The Future of Philanthropy, in 1 Question

You are at a board meeting of your charity. Board member Jane mentions her friend Peter, and says he might be interested in making a donation. Peter, she says, is the owner of a large software company.

Peter, to be clear, is NOT A CURRENT DONOR. He has not opted in or opted out or opted for anything at your charity.

Back at the office you put Peter’s name into Google. It’s in your legitimate interests to do so, and Peter would expect you to do this.

Turns out that Peter’s business is based in Newcastle.

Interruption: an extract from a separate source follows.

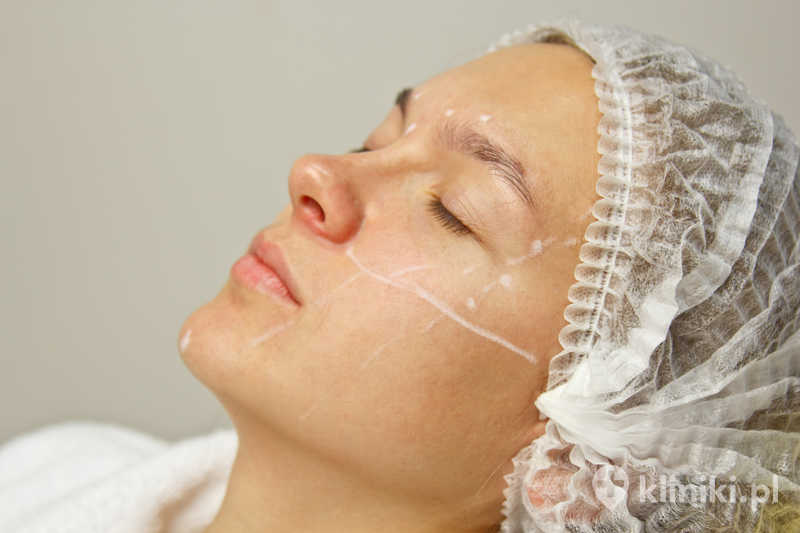 Zabieg modelowania policzków implantami polega na umieszczeniu specjalnych implantów w okolicy jarzmowej, najczęściej przez niewielkie nacięcia wewnątrz jamy ustnej Zabieg modelowania policzków implantami polega na umieszczeniu specjalnych implantów w okolicy jarzmowej, najczęściej przez niewielkie nacięcia wewnątrz jamy ustnej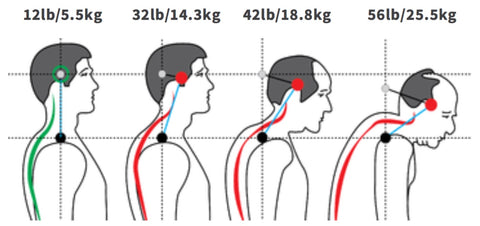 SCM Trigger Points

You are in London, so there is time and travel cost to consider if you are to visit him. You use Companies House to find out about Peter’s shareholding and the company’s profits. These figures help you estimate Peter’s gift capacity. Again, it’s legitimate for a charity to estimate the size of a potential donation before it decides to spend money on a visit to Newcastle.

At an invitation-only event on the 21st of February, the Information Commissioner’s staff will tell charities and the Fundraising Regulator whether or not they can do this search.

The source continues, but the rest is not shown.